:: Provided material ::
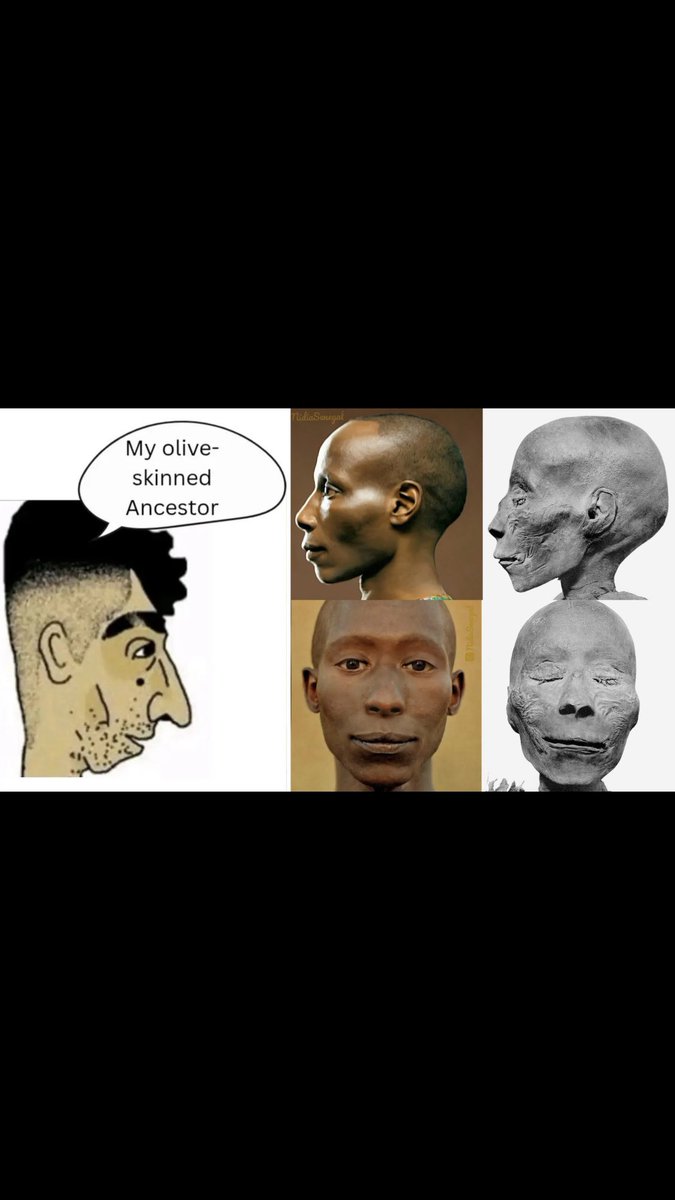 Derpas Jenkens tweet media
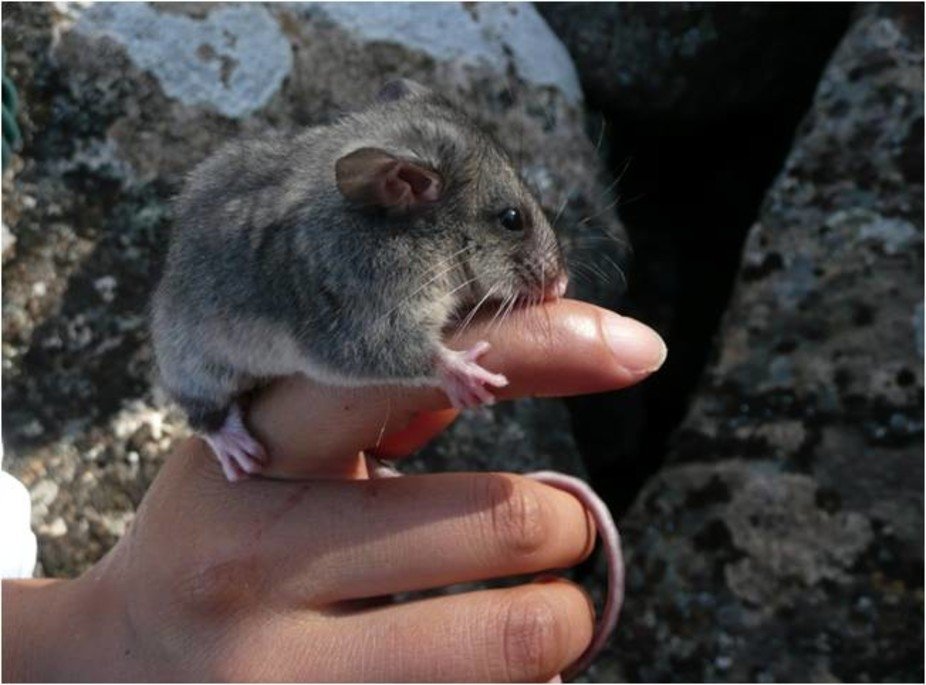  Mountain Pygmy-possum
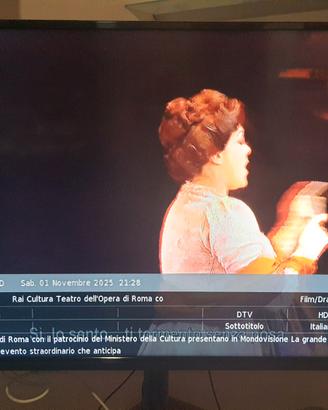 televisore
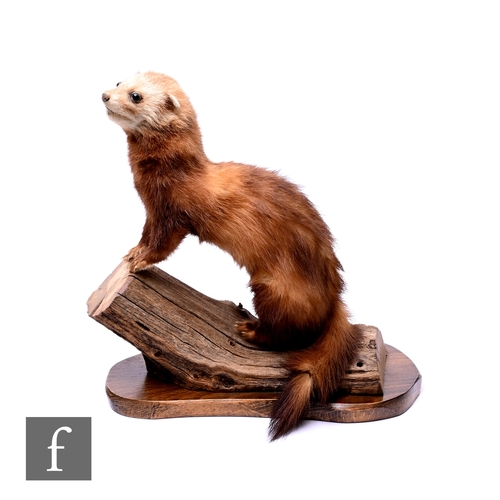 572 - A taxidermy study of a polecat standing on a log base, labelled 'J Crewdson, Taxidermist and Natural... 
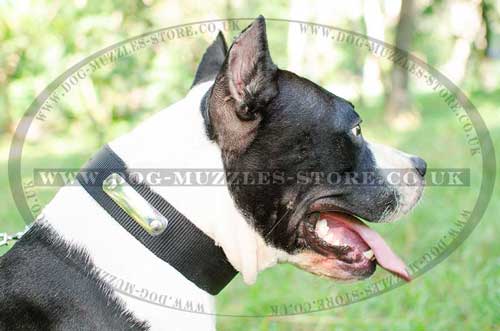 Nylon Dog Collar with ID Tag | American Stafford Dog Collar UK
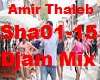 .D. Amir Thaleb Mix Sha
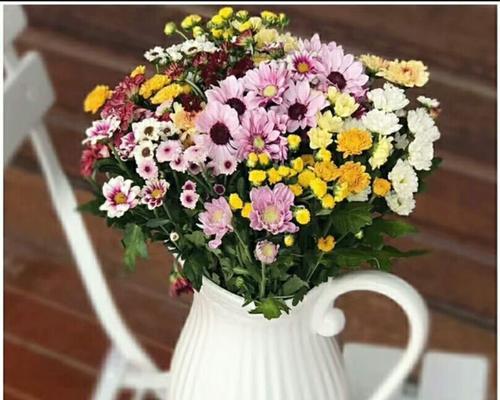 如何让小雏菊更旺盛生长（小雏菊养殖技巧大揭秘）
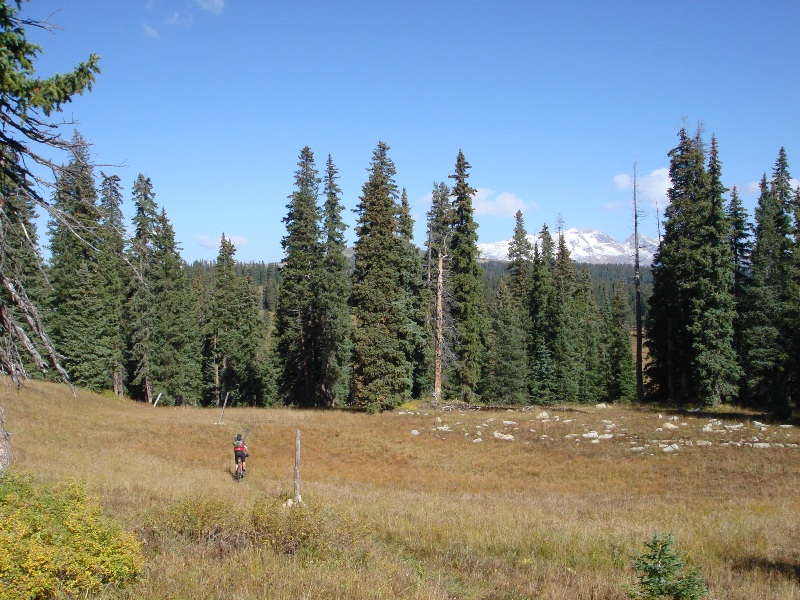 ColoradoTrail2006 (144).JPG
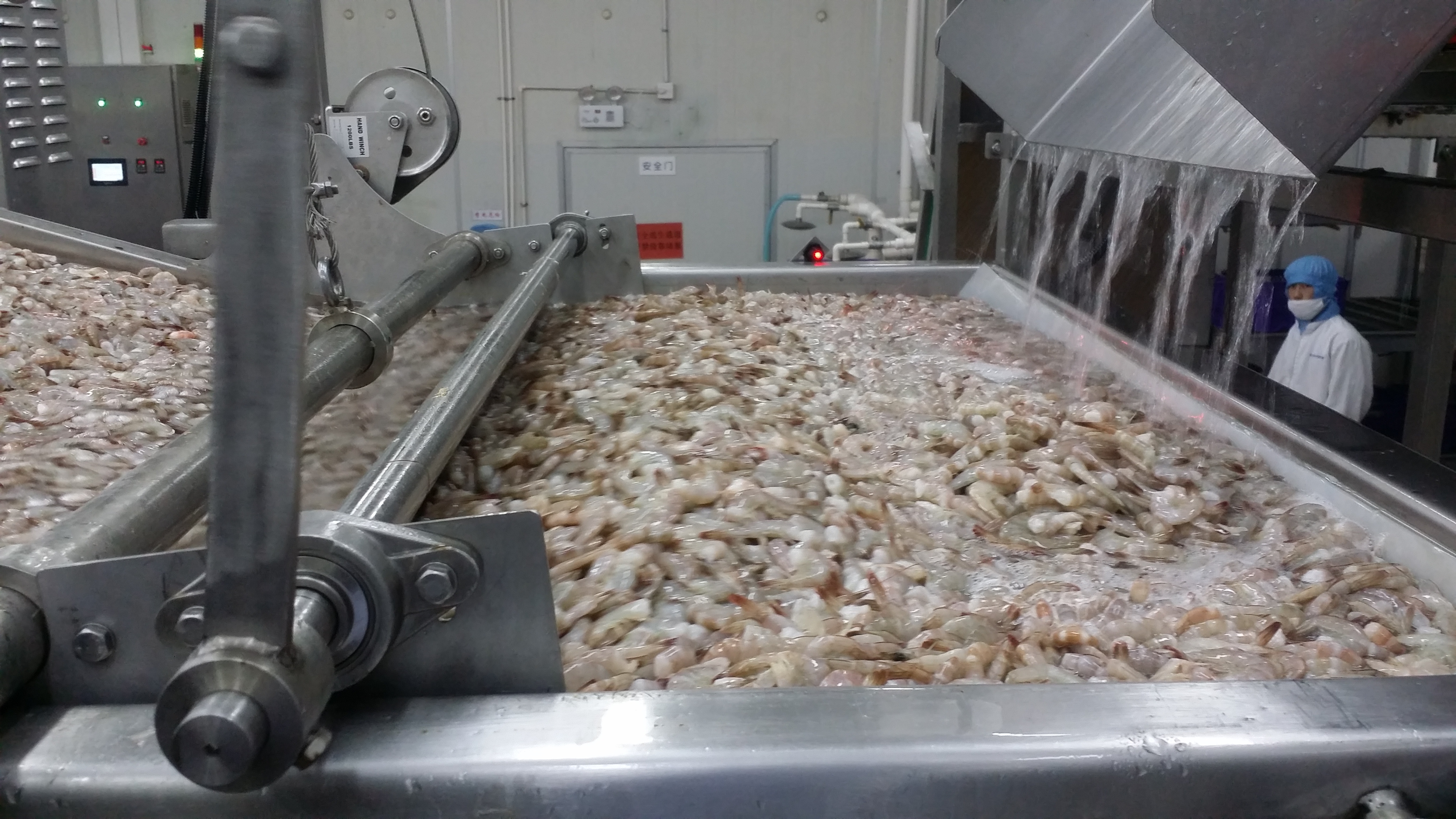 大容量瓦那美虾自动去皮生产线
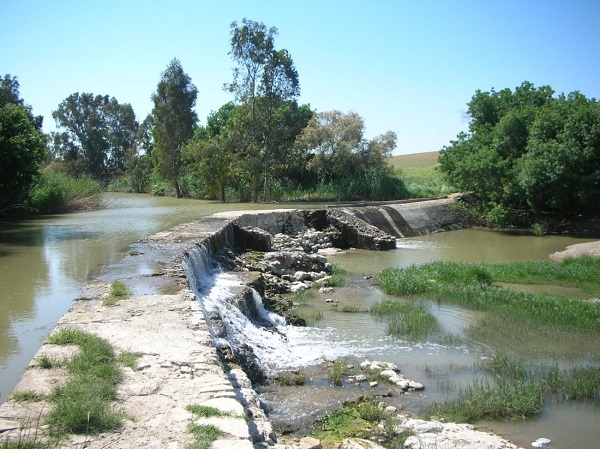 Plan-PIMA-2021-Guadaira-Azud-600 Plan-PIMA-2021-Guadaira-Azud-600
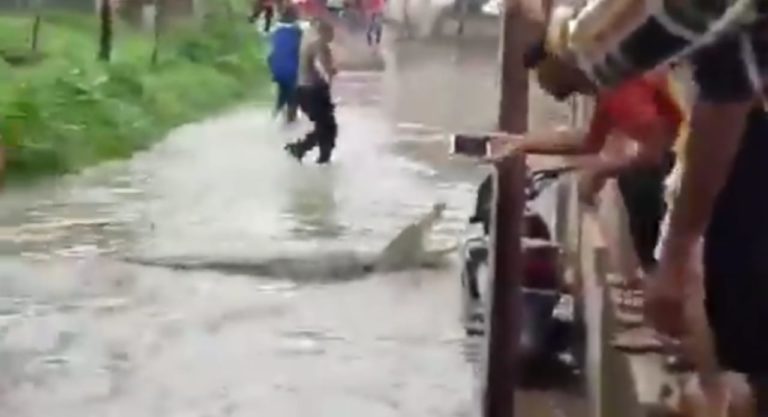 Fact Check: Did A Crocodile Actually Stray Into A Jajpur Locality Amid Flood?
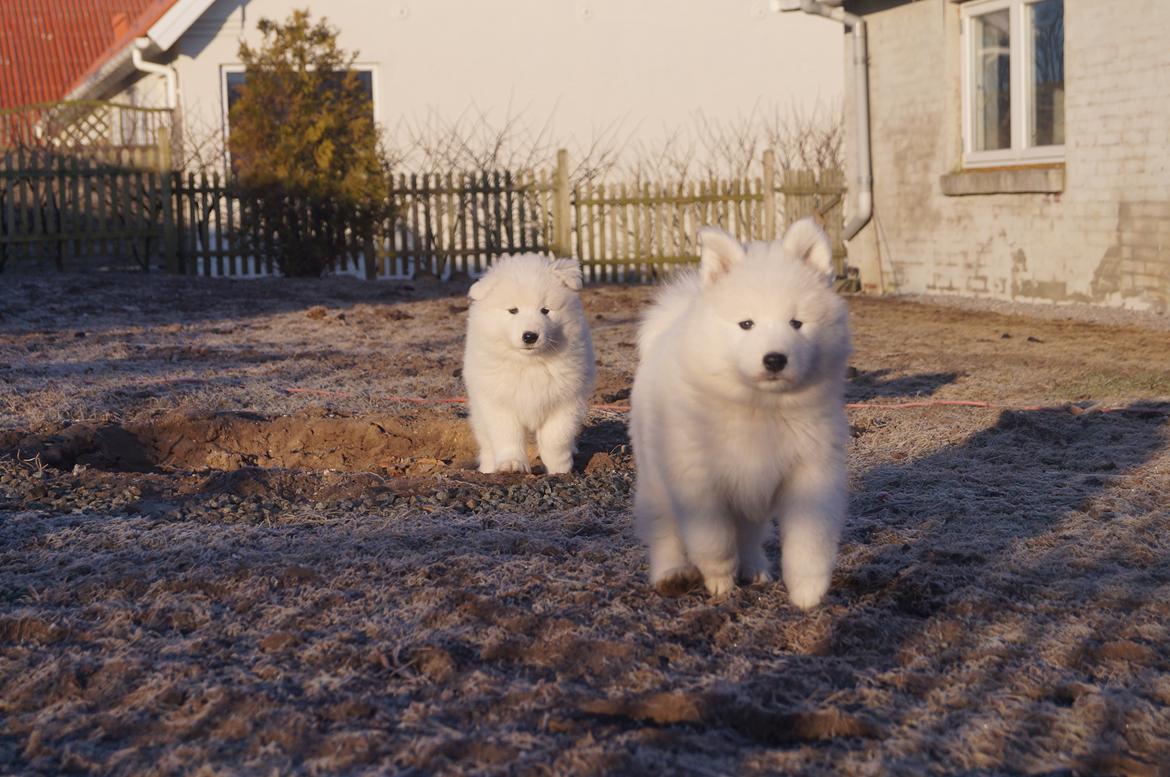 Samojedhund Aya - 7 uger + 2 dage.
Aya er bagerest :)  billede 8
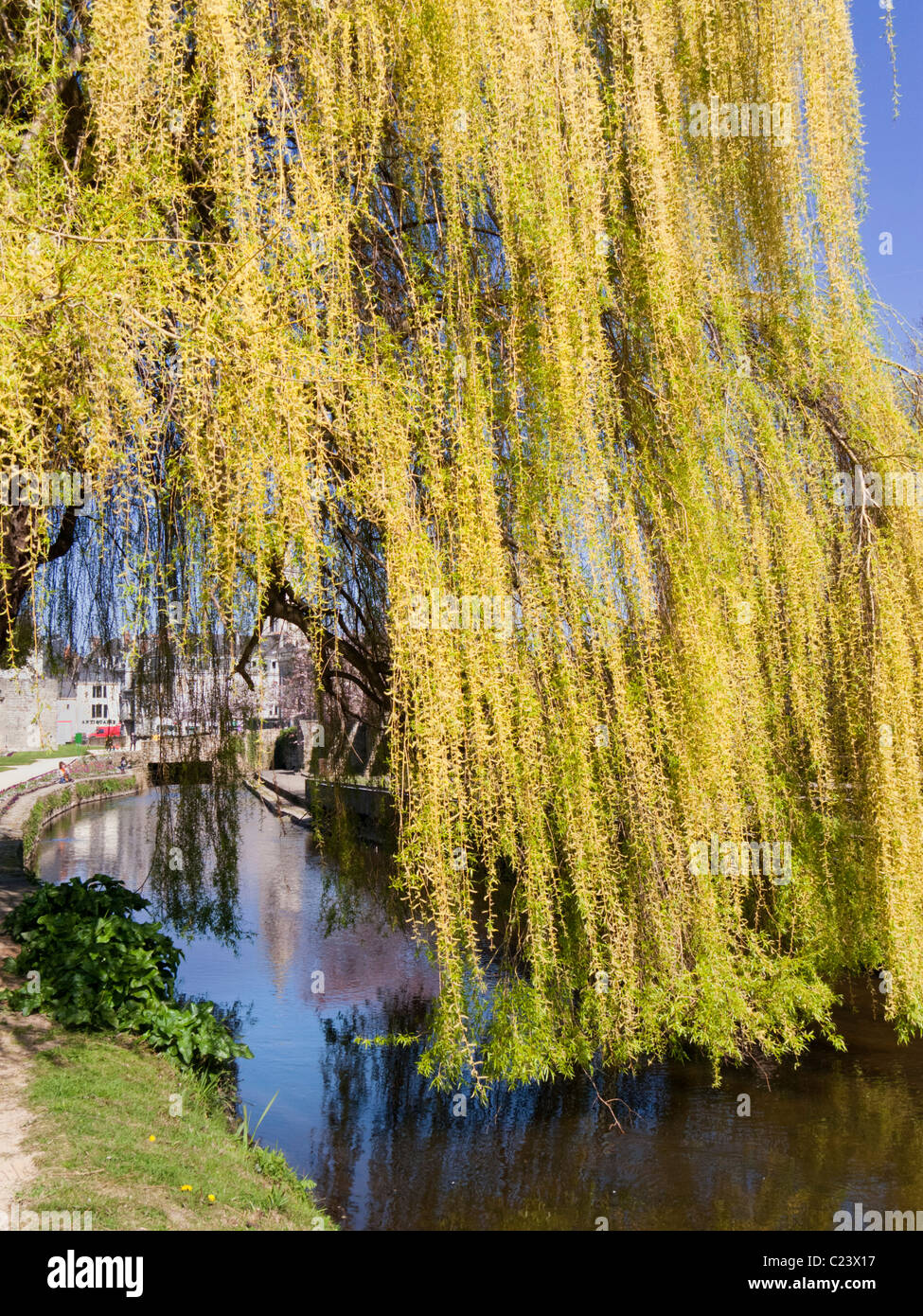Weeping willow tree leaves hanging over a river France, Europe Stock Photo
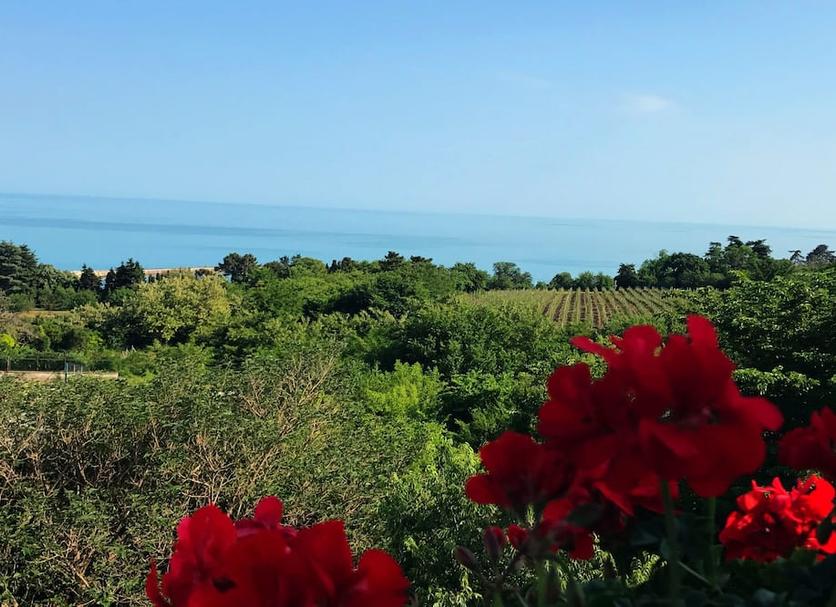 Outdoor view Photo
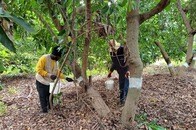 ガザ戦争が招いたイスラエル「労働者不足」の深刻度...パレスチナ人の締め出しで、農業は危機的状況に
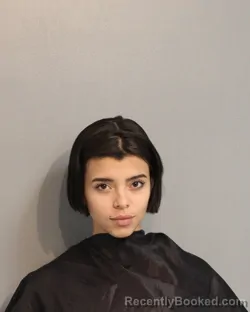 Mugshot of NAILYN VALENTINA TORRES-RAMIREZ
:::
* _What is required_
From the line containing "Outdoor view Photo" through the final line of the listing above, reproduce every line exactly, with no pictures.

* _Response_
 Outdoor view Photo
 ガザ戦争が招いたイスラエル「労働者不足」の深刻度...パレスチナ人の締め出しで、農業は危機的状況に
 Mugshot of NAILYN VALENTINA TORRES-RAMIREZ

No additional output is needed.